Stolen
‘She said that about me?’ Dale gasped and then laughed. ‘She was totally right of course, but I thought she’d write home and say I was cool.’
Simon raised one eyebrow. ‘She might be soft-hearted but she’s no one’s fool. I guess she saw something else in you that she liked. Before long her postcards were full of “we did this” or “we did that.” ’
‘I’m ashamed to admit that I jokingly called her my “slave”, because she used to wash my clothes with hers and pick up after me. She used to do this kind of jokey bowing thing to me. But I grew to really love her, I never felt that way about any other girlfriend. I can’t bear the thought of all this happening to her.’
‘Well, I think, as I’ve already said, that whoever is responsible for how she ended up was on that cruise ship,’ Simon said firmly. ‘So come on, Dale, think of all the people she got to know. Was there anyone who would have persuaded or coerced her to go home with them?’

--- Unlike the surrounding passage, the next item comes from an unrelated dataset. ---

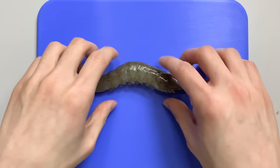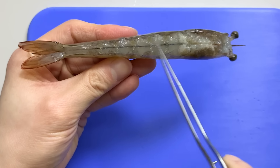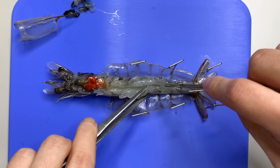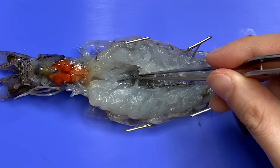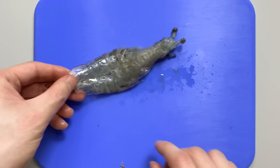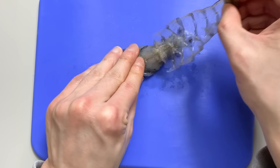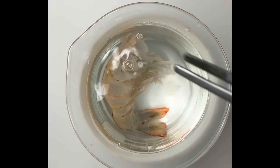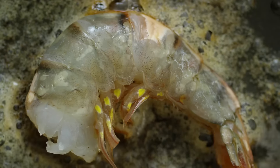If you cut the top of the abdomen and open it, you can see the intestines. The intestines are connected to the tip of the tail, and the anus is located at the bottom of the tail. Lastly, if you look at the bottom, there's one line — this is the ventral nerve. If you carefully split it from the back, you can see the ventral nerve clearly.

‘Well, Fern and Howard Ramsden, the couple who rescued her from the rape and looked after her, are the obvious ones. But they were Americans and they were going home. Besides, they were religious, they wouldn’t hold someone against their will.’
‘Religious Americans are just about the most likely people to do such a crazy thing,’ Simon said, raising his voice a little. ‘Maybe the guy is into polygamy, and wanted Lotte for a second wife.’
‘That’s ridiculous,’ Dale said dismissively. ‘Those pluralmarriage people don’t go off on cruises, they live in remote parts of Utah, Montana or Nevada, and marry the children of their friends, women who’ve been brought up to that way of life.’
‘Don’t be so sure of that,’ Simon said darkly. ‘Besides, there’s other sects and weird cults in the States that we’ve never heard of. And our little Lotte, with her complete trust in anyone who appears to love her, would be a sitting duck!’
Dale shuddered. ‘Yes, but she didn’t end up in America, did she?’
‘No, but what if she discovered that’s where they were intending to take her?’
Dale felt unable to join in Simon’s speculation. She was still staggered that Lotte had never so much as hinted at all the sadness in her past while they were on the cruise. Yet it proved she was tougher than Dale had imagined, for most people would use it to get sympathy. She wondered what more was going to come out about her friend before all this was sorted.
Chapter Five
‘Good morning, Lotte,’ said Dr Percival as he came charging into her room on Saturday morning without so much as a knock on the door to warn her.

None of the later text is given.